* _WORK INSTRUCTION_:
Entries follow. Give back exactly the lines starting at the one containing "Rigo Dominguez y" and ending at the one containing "2016 Hyundai Creta", and no other lines.

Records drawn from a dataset
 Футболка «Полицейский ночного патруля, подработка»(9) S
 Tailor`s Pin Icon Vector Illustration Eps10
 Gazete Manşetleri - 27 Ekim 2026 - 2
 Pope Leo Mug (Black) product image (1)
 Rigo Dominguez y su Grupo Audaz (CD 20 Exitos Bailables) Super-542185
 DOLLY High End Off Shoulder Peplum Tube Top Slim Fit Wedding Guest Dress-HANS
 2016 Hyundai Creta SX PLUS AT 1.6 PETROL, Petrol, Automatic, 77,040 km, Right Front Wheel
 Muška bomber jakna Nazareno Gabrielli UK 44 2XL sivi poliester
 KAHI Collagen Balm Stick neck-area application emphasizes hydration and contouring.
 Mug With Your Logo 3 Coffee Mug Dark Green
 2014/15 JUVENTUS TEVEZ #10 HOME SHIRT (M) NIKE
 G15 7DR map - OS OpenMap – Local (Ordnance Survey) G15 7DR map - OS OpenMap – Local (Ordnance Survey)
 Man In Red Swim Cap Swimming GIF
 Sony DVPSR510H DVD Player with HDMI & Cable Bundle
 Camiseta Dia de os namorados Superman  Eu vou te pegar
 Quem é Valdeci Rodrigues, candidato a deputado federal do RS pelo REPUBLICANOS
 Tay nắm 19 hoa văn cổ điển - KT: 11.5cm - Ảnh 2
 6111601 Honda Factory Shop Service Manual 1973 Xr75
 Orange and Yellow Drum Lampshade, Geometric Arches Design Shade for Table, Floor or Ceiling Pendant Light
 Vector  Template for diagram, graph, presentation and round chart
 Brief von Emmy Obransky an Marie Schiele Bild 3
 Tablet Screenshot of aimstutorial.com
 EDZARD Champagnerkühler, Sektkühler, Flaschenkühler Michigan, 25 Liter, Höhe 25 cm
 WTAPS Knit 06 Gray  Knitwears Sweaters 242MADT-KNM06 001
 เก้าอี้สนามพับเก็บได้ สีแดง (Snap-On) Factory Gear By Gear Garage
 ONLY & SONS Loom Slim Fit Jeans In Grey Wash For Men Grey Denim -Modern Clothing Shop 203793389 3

* _ANSWER_:
 Rigo Dominguez y su Grupo Audaz (CD 20 Exitos Bailables) Super-542185
 DOLLY High End Off Shoulder Peplum Tube Top Slim Fit Wedding Guest Dress-HANS
 2016 Hyundai Creta SX PLUS AT 1.6 PETROL, Petrol, Automatic, 77,040 km, Right Front Wheel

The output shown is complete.